*Task details*
Exact copy, no pictures: return all the data below as written.

*Dataset*
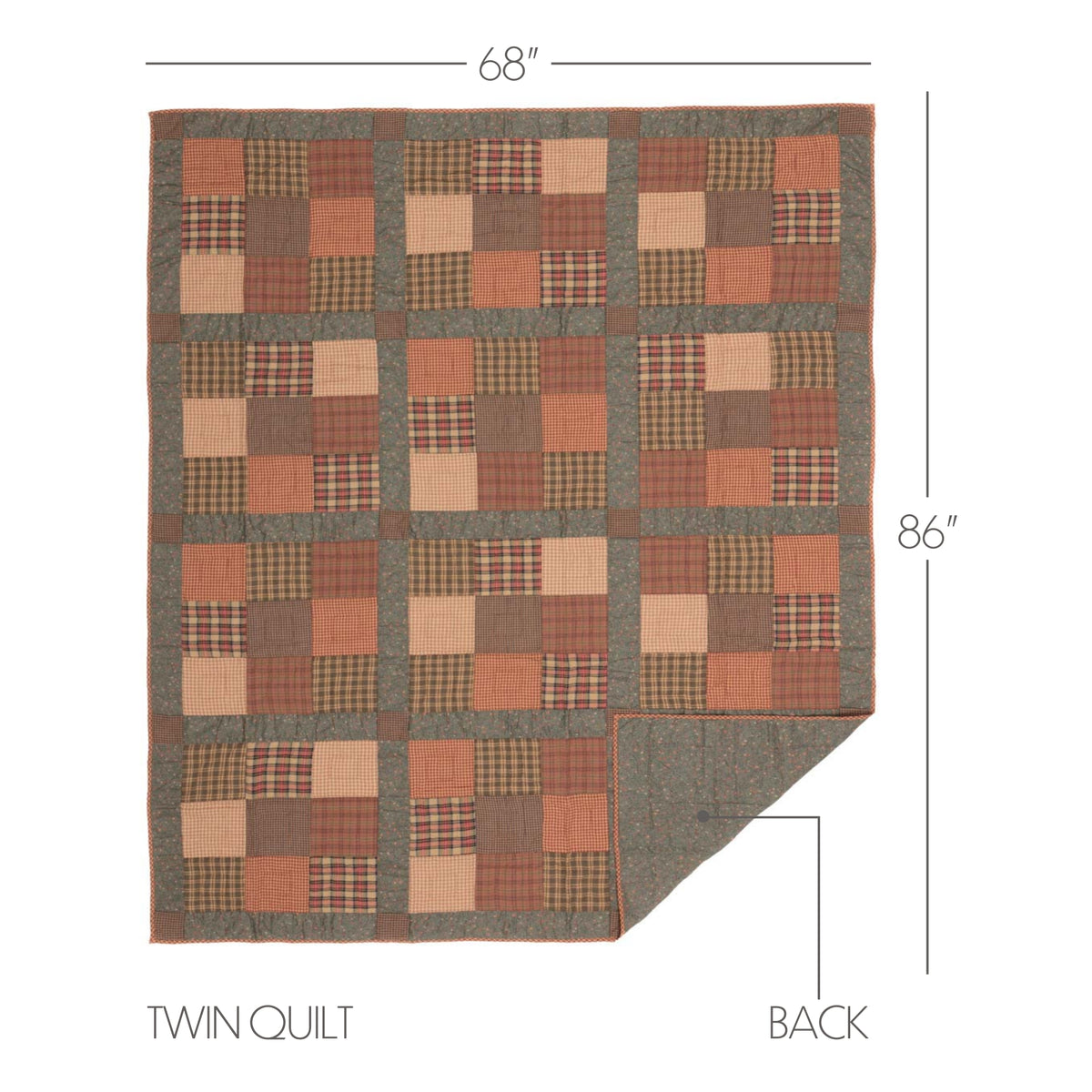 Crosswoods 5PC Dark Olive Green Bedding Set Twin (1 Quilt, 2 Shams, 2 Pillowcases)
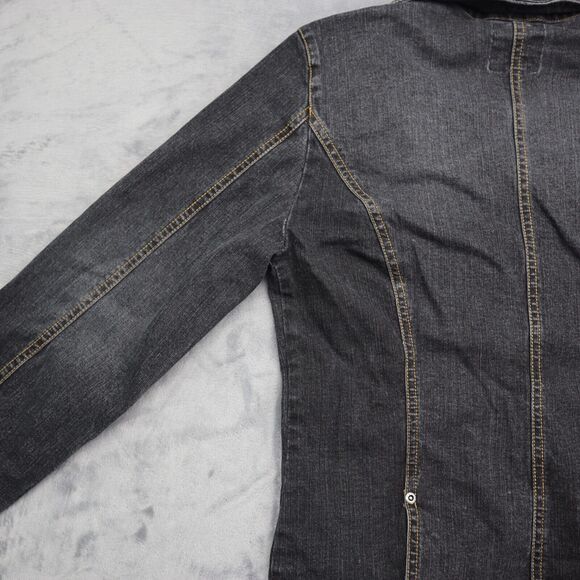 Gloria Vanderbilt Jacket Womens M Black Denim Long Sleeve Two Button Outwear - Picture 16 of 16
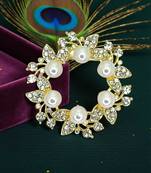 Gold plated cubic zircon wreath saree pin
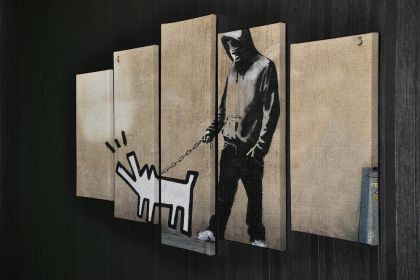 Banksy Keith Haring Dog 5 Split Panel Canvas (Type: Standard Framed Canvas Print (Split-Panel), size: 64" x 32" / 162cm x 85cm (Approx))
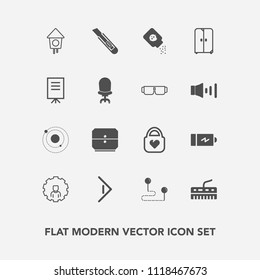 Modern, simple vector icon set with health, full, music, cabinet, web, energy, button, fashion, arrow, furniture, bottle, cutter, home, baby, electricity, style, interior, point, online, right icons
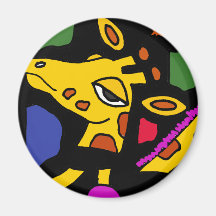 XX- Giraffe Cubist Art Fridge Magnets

*Response to the task*
 Crosswoods 5PC Dark Olive Green Bedding Set Twin (1 Quilt, 2 Shams, 2 Pillowcases)
 Gloria Vanderbilt Jacket Womens M Black Denim Long Sleeve Two Button Outwear - Picture 16 of 16
 Gold plated cubic zircon wreath saree pin
 Banksy Keith Haring Dog 5 Split Panel Canvas (Type: Standard Framed Canvas Print (Split-Panel), size: 64" x 32" / 162cm x 85cm (Approx))
 Modern, simple vector icon set with health, full, music, cabinet, web, energy, button, fashion, arrow, furniture, bottle, cutter, home, baby, electricity, style, interior, point, online, right icons
 XX- Giraffe Cubist Art Fridge Magnets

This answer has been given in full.